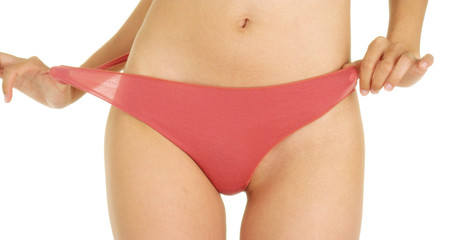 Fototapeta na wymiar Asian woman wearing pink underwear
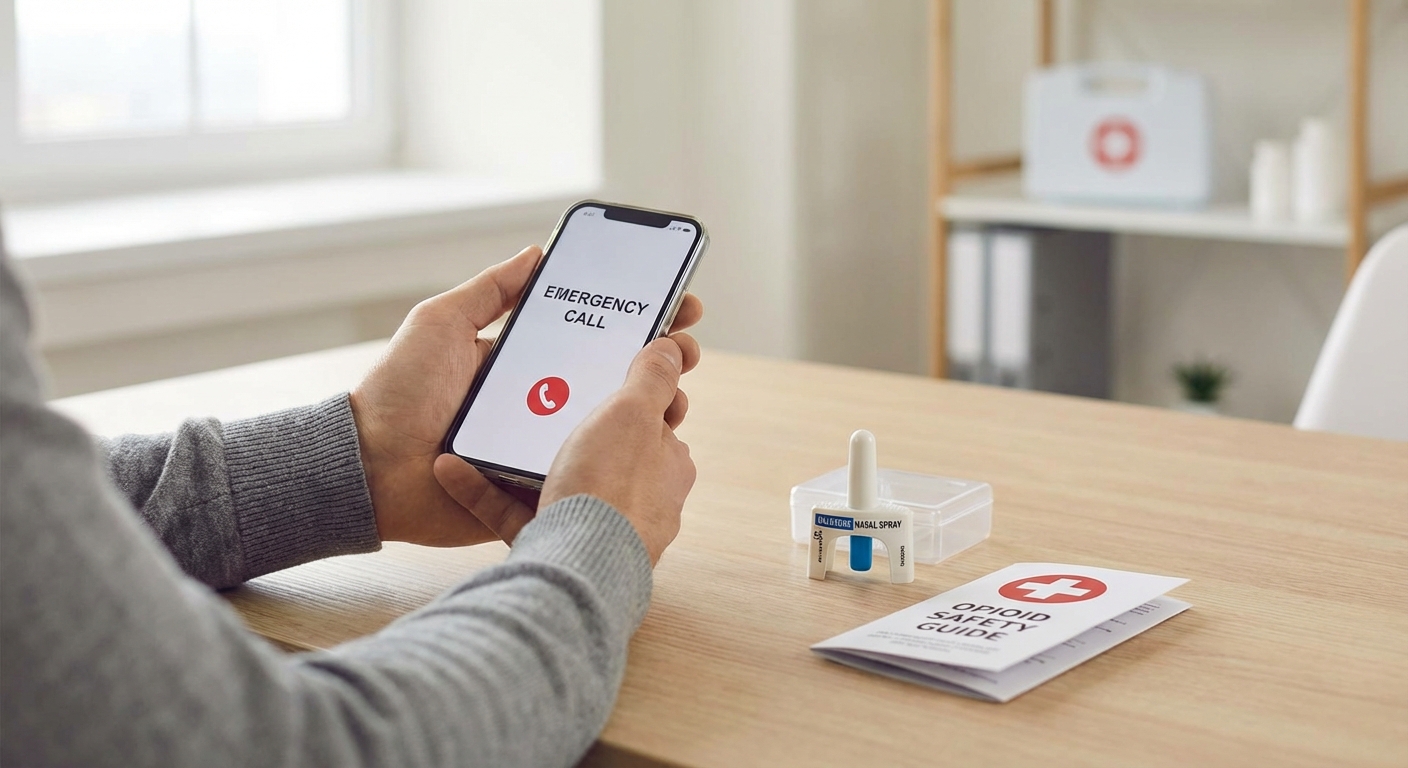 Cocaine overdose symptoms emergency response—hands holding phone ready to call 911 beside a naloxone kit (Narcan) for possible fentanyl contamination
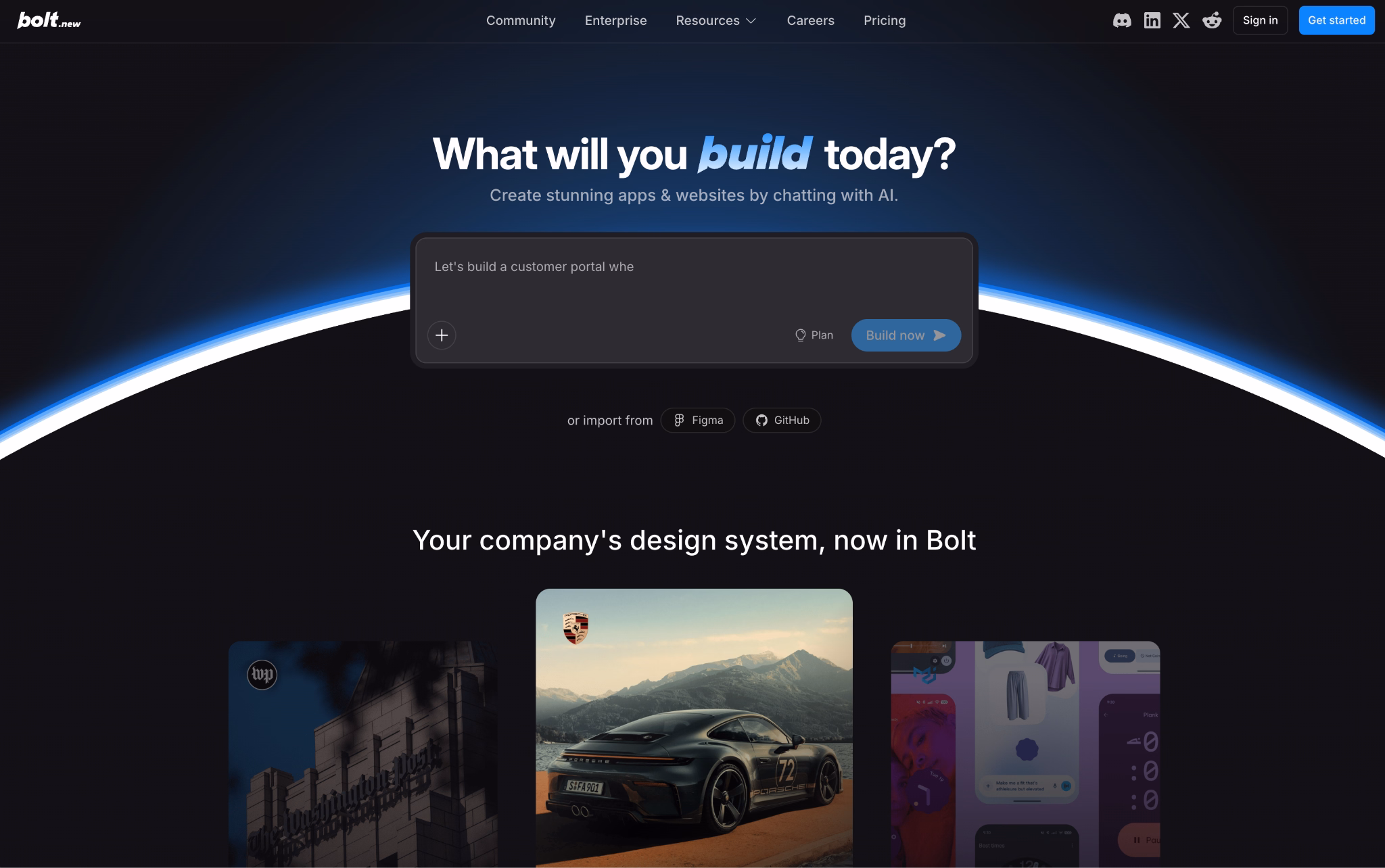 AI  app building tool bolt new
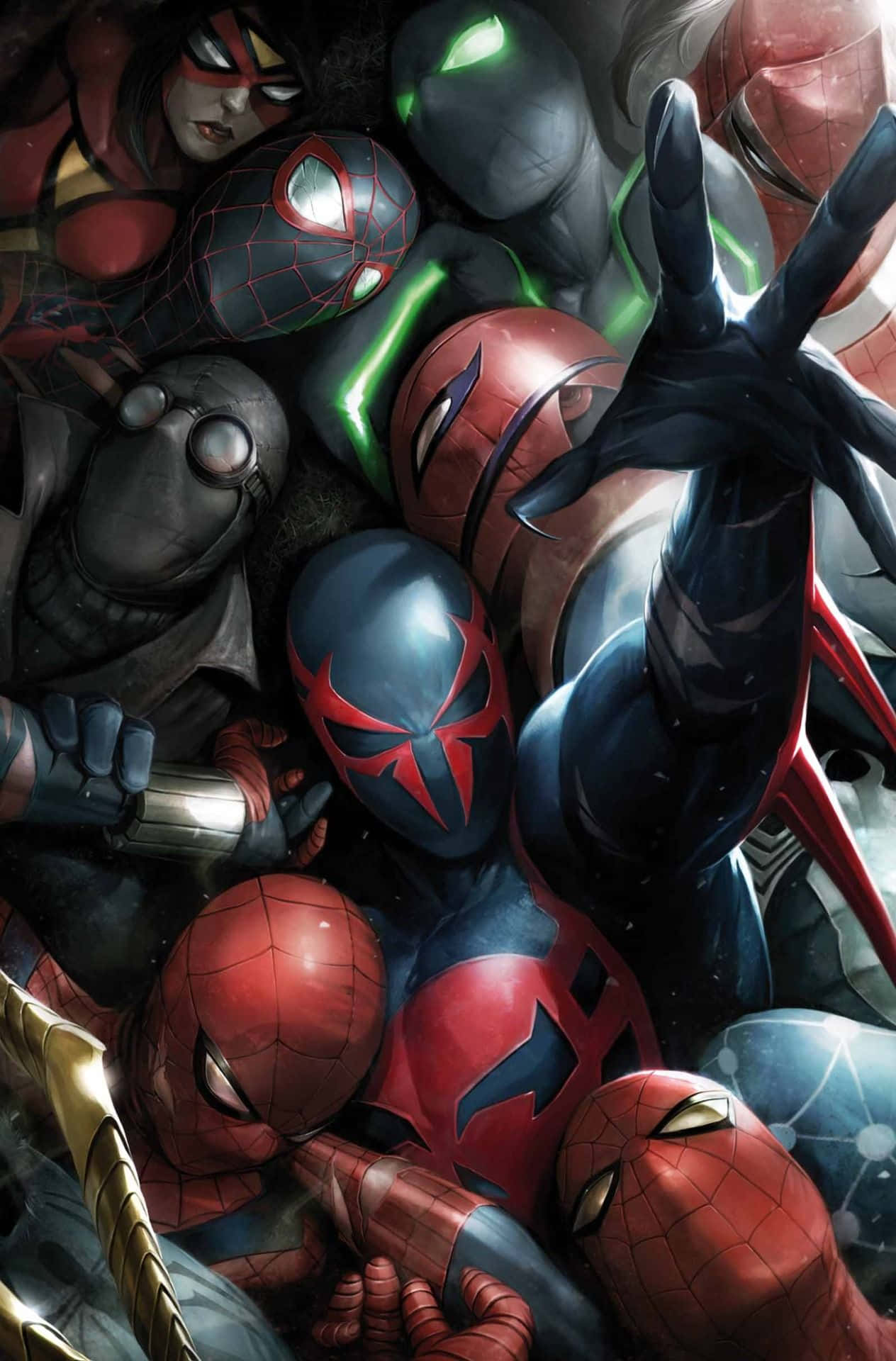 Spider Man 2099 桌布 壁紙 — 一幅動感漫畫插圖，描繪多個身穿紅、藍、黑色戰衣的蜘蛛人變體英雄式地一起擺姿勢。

──────────

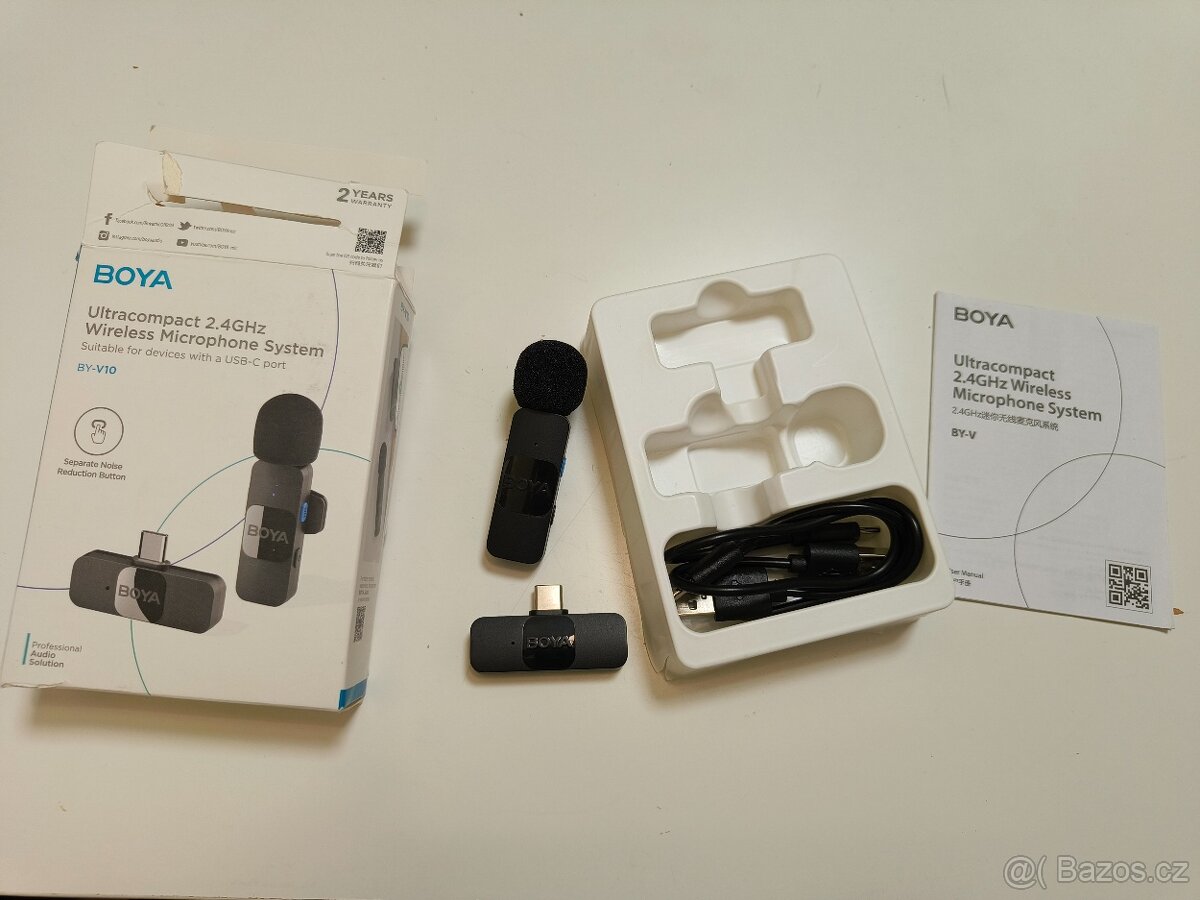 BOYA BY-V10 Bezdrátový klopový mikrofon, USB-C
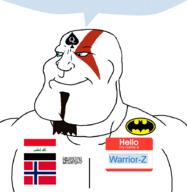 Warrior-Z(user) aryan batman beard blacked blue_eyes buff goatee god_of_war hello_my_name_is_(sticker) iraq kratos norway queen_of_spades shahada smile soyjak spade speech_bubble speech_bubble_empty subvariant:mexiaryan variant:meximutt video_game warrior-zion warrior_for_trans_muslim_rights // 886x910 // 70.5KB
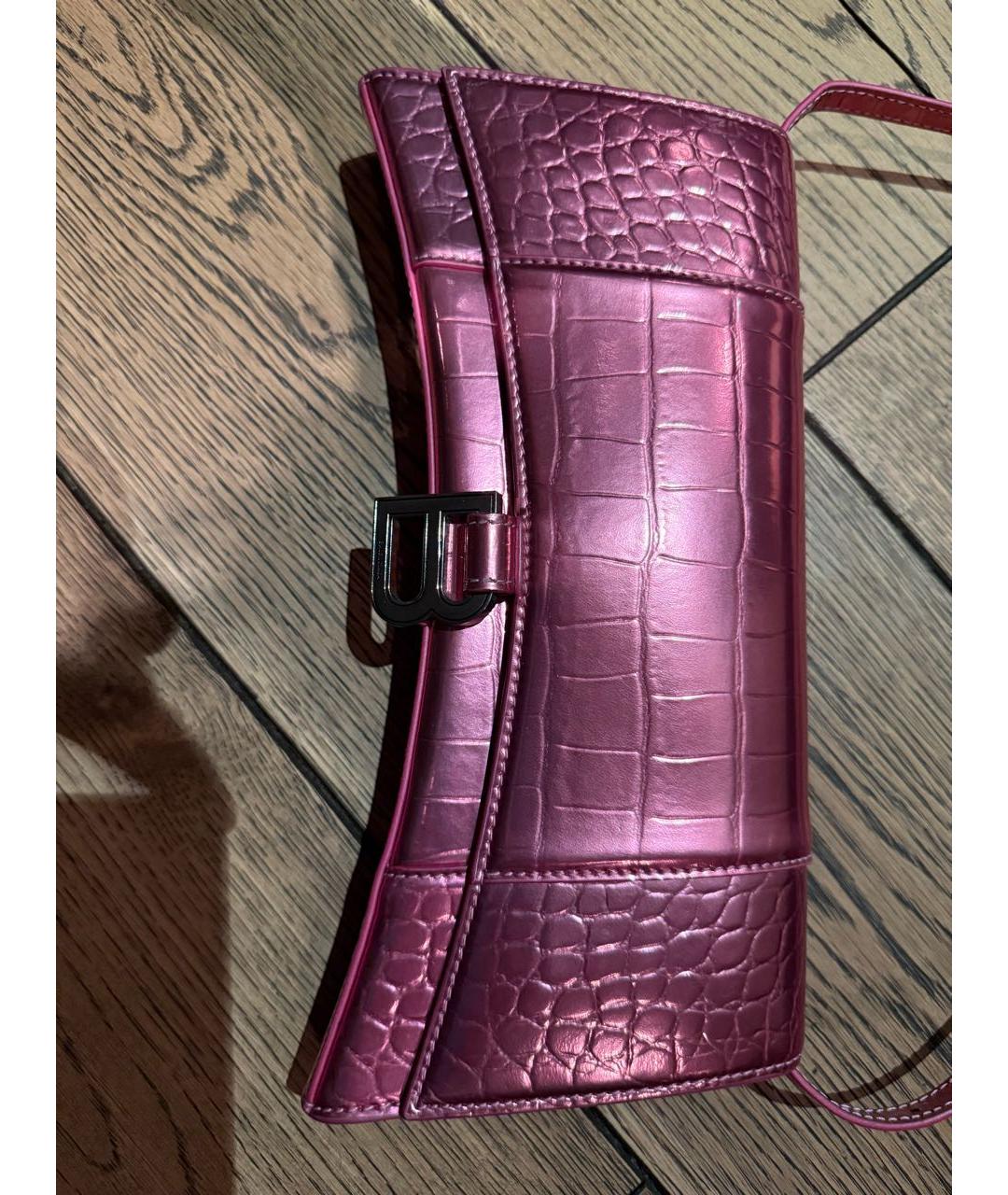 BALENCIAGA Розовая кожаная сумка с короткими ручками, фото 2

──────────

■ **Your objective**: Start with the line above containing "tool bolt new" and end with the line containing "Spider Man 2099". Set down that stretch exactly, without any pictures.

■ **Answer to the problem**:
 AI  app building tool bolt new
 Spider Man 2099 桌布 壁紙 — 一幅動感漫畫插圖，描繪多個身穿紅、藍、黑色戰衣的蜘蛛人變體英雄式地一起擺姿勢。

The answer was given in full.